Mikołaj Sabat

Obserwatorium Astronomiczne Uniwersytetu Jagiellońskiego

Sesja III: Układy planetarne i małe ciała

Wtorek 12.09.2023 11:30 – 11:45

abstrakt:
ʻOumuamua is the first confirmed interstellar minor body observed in the Solar System. The object was discovered by the Pan-STARRS survey on 19 October 2017, when it was located 1.2 au from the Sun and 0.2 au from the Earth. Ultra-deep imaging of ‘Oumuamua by the largest telescopes showed no signs of comet-like coma or tail, providing strong evidence that the object is an asteroid [1, 2]. Also spectroscopic investigations did not reveal any traces of gas emissions [3, 4]. Despite no signs of mass loss, ‘Oumuamua displayed unexpected orbital anomalies, consistent with an anti-Sunward non-gravitational force [5] as strong as the strongest non-gravitational forces ever measured in Solar System comets. This suggested comet-like water-ice outgassing as the possible cause [5]. However, the proposed explanation is difficult to reconcile with the absent signs of mass loss, and it could not be properly tested given the poor observational limits on the water-ice outgassing. To date, the most meaningful upper limit on the water production rate of ‘Oumuamua was obtained from the non-detection of the 18-cm radio lines of OH using the Green Bank Telescope [6]. Unfortunately, this
observation was too brief (4 hours) and made too late (more than 3 weeks after the discovery of ‘Oumuamua, when the object was already 1.8 au from the Sun and 1.1 au from the Earth), resulting in an insufficient sensitivity to address the problem of the object’s non-gravitational acceleration. Other limits, estimated indirectly from empirical relations (e.g. [7]) are inherently irrelevant, as they assume a typical cometary composition. Potentially, the most promising instrument for the detection of water on ‘Oumuamua is Solar Wind ANisotropies (SWAN) on the SOlar and Heliospheric Observatory (SOHO).

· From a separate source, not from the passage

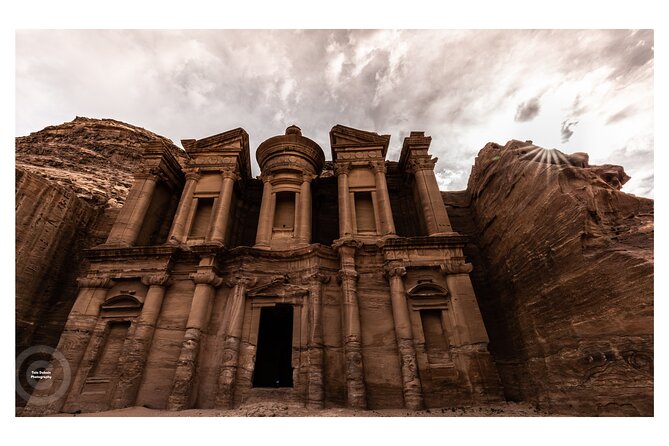 2-Day Jordan Guided Tour Petra, Wadi Rum and Dead Sea - Entering Petra through the Siq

SWAN is an all-sky mapper of hydrogen in the ultra-luminous Lyman alpha line, which is also an excellent tracer of cometary water (e.g. [8]). The instrument provides unique access to daily measurements of the hydrogen emission, including pre- and post-discovery data for the positions of ‘Oumuamua, when the object was relatively close to the Sun and the spacecraft (minimum distances of 0.46 au and 0.17 au, respectively). Based on the SOHO/SWAN observations, we will present the new most rigorous upper
limit on the water production rate of ‘Oumuamua, which is an order of magnitude lower than the best previous estimates actually sensitive to water.
Most significantly, our limit enables us to discuss the hypothesized water-driven cause of the non-gravitational acceleration [5], the most recent concept of H2O and H2 emission [9], as well as the more exotic scenario of a hydrogen iceberg [10]. Our result supports the view that ‘Oumuamua is unlike any object ever seen before.

References:
[1] Meech et al. 2017, Nature 552, 378.
[2] Drahus et al. 2018, Nat.Astron. 2, 407.
[3] Ye et al. 2017, ApJL 851, L5.
[4] Fitzsimmons et al. 2018, Nat.Astron. 2, 133.
[5] Micheli et al. 2018, Nature 559, 223.
[6] Park et al. 2018, AJ 155, 185.
[7] Hui & Knight 2019, AJ 158, 256.
[8] Combi et al. 2021, Icarus 365, 114509.
[9] Bergner & Seligman 2023, Nature 615, 610.
[10] Seligman et al. 2020, ApJL 896, L8.